__What needs to be done__.
In the listing below, look for "Chapter" and copy every line that has it.
===== Information shown =====
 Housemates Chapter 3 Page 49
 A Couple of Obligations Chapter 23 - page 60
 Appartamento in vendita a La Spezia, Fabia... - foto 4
=====
__Written solution__.
 Housemates Chapter 3 Page 49
 A Couple of Obligations Chapter 23 - page 60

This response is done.